• _Records shown_:

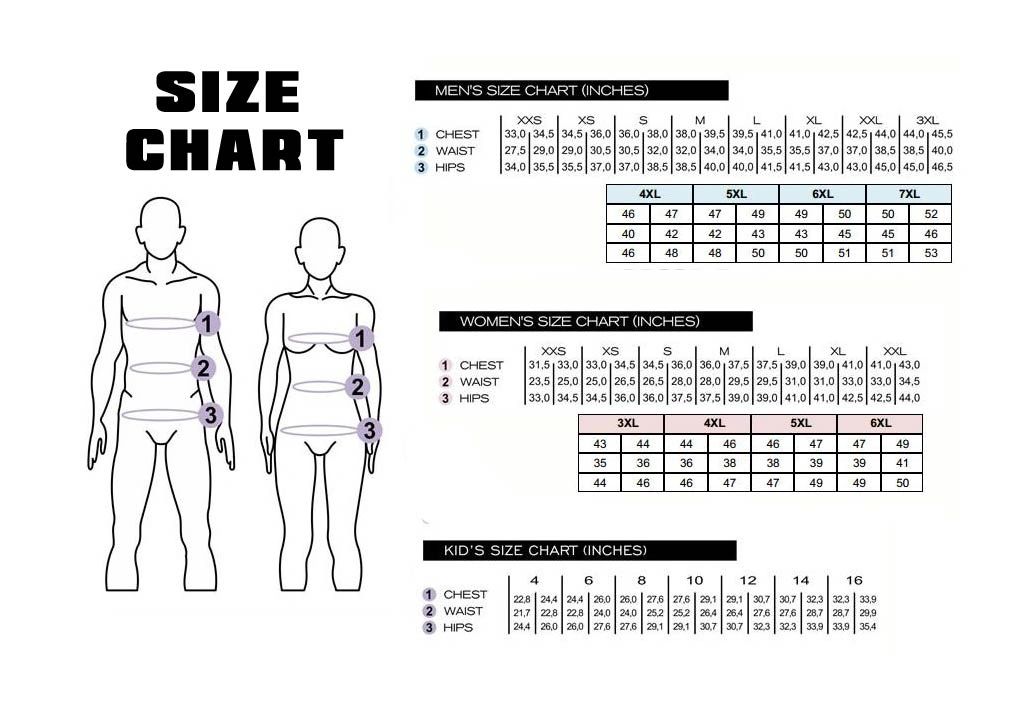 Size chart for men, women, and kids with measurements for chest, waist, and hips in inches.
==
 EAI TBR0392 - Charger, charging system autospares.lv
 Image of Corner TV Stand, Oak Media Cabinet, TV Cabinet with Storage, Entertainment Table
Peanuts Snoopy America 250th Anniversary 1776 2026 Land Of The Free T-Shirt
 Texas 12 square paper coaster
* * *
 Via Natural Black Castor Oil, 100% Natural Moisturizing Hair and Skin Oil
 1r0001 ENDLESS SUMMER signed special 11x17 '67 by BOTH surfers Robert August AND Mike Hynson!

• _Goal of the exercise_: Of all the entries above, output exactly the lines between the one holding "Image of Corner" and the one holding "Texas 12 square paper coaster", inclusive.

• _Final answer_:
 Image of Corner TV Stand, Oak Media Cabinet, TV Cabinet with Storage, Entertainment Table
Peanuts Snoopy America 250th Anniversary 1776 2026 Land Of The Free T-Shirt
 Texas 12 square paper coaster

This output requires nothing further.